Morrigan started nodding off as dessert began appearing on the plates, and Callum glanced up towards the front of the room to observe Tommo fast asleep in Ginny's lap and Lorcan blinking rapidly in an effort to stay awake.

"I should probably help them get the children to bed," he told the girls quietly, and Kushiel assisted him in scooping the drowsy child out of her lap. Remus caught his eye and nodded, taking Lorcan by the arm as Ginny stood with Tom. "I'll see you tomorrow, I'm sure."

"Of course you will, Callum, you're not rid of us that easily," Aurelia giggled.

"Night," the other girls chorused.

He followed Remus and Ginny to their quarters, knowing his own were nearby but having no recollection on how to find them, and helped them tuck the children into their own beds, brought with them from the house in Hogsmeade. The day's adventures were telling on them all, he decided; both Remus and Ginny seemed tired as well. He bade them goodnight and found his own rooms one door down, setting the password to Packsong.

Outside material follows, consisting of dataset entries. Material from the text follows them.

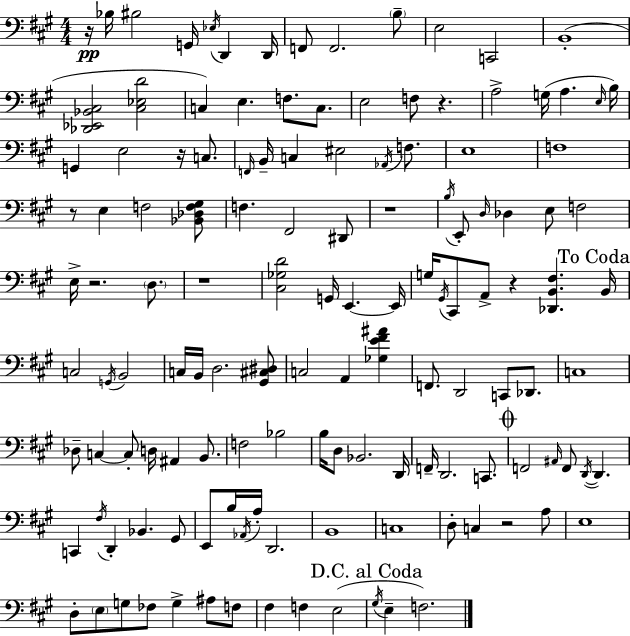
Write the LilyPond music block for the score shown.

{
  \clef bass
  \numericTimeSignature
  \time 4/4
  \key a \major
  r16\pp bes16 bis2 g,16 \acciaccatura { ees16 } d,4 | d,16 f,8 f,2. \parenthesize b8-- | e2 c,2 | b,1-.( | \break <des, ees, bes, cis>2 <cis ees d'>2 | c4) e4. f8. c8. | e2 f8 r4. | a2-> g16( a4. | \break \grace { e16 } b16) g,4 e2 r16 c8. | \grace { f,16 } b,16-- c4 eis2 | \acciaccatura { aes,16 } f8. e1 | f1 | \break r8 e4 f2 | <bes, des f gis>8 f4. fis,2 | dis,8 r1 | \acciaccatura { b16 } e,8-. \grace { d16 } des4 e8 f2 | \break e16-> r2. | \parenthesize d8. r1 | <cis ges d'>2 g,16 e,4.~~ | e,16 g16 \acciaccatura { gis,16 } cis,8 a,8-> r4 | \break <des, b, fis>4. \mark "To Coda" b,16 c2 \acciaccatura { g,16 } | b,2 c16 b,16 d2. | <gis, cis dis>8 c2 | a,4 <ges e' fis' ais'>4 f,8. d,2 | \break c,8 des,8. c1 | des8-- c4~~ c8-. | d16 ais,4 b,8. f2 | bes2 b16 d8 bes,2. | \break d,16 f,16-- d,2. | c,8. \mark \markup { \musicglyph "scripts.coda" } f,2 | \grace { ais,16 } f,8 \acciaccatura { d,16~ }~ d,4. c,4 \acciaccatura { fis16 } d,4-. | bes,4. gis,8 e,8 b16 \acciaccatura { aes,16 } a16-. | \break d,2. b,1 | c1 | d8-. c4 | r2 a8 e1 | \break d8-. \parenthesize e8 | g8 fes8 g4-> ais8 f8 fis4 | f4 e2( \mark "D.C. al Coda" \acciaccatura { gis16 } e4-- | f2.) \bar "|."
}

It was always his password, for it meant a great deal to him, but was unlikely to come up in casual conversation.

Undressing and sliding into his bed, he laid back against the pillows, closing his grey and blue eyes. It had been a long day, yes, but an interesting one. The cluster of seventh year girls scared him somewhat, but he could probably get used to them, and the children seemed to like it here. His last thought falling asleep was that he hoped things would stay this quiet.